**WHAT YOU SHOULD DO**
None of the images should appear in your copy. Transcribe the data in full.

**RECORDED DATA**
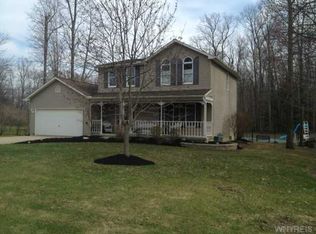 80 Old Orchard Ln, Orchard Park, NY 14127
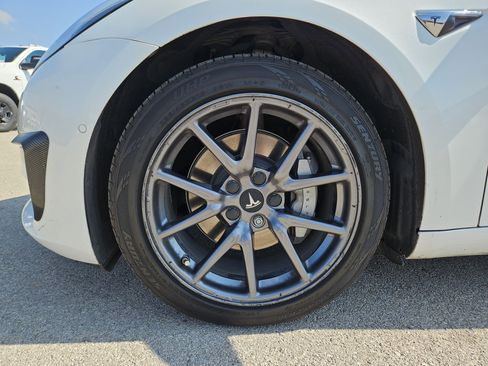 Used 2020 Tesla Model 3 Standard Range Plus image 31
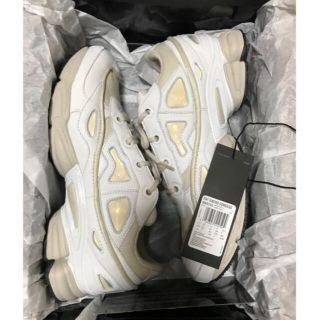 ラフシモンズ(RAF SIMONS)のozweegoⅢ 専用(スニーカー)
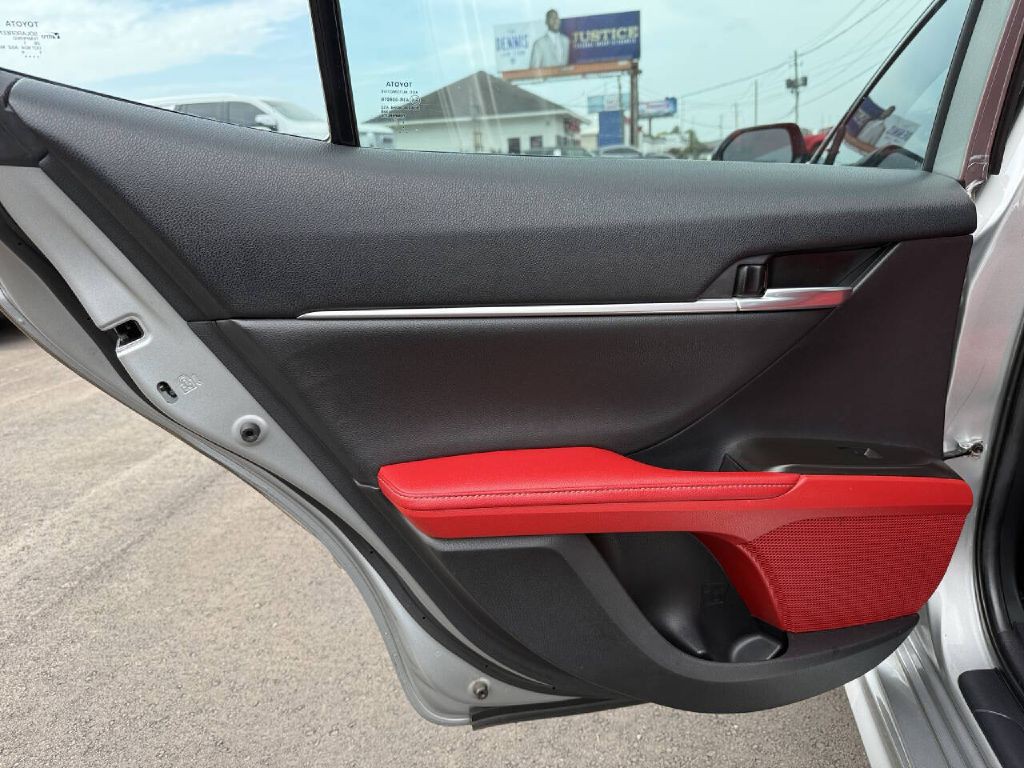 2021 Toyota Camry Image 20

**REPLY TO THE EXERCISE**
 80 Old Orchard Ln, Orchard Park, NY 14127
 Used 2020 Tesla Model 3 Standard Range Plus image 31
 ラフシモンズ(RAF SIMONS)のozweegoⅢ 専用(スニーカー)
 2021 Toyota Camry Image 20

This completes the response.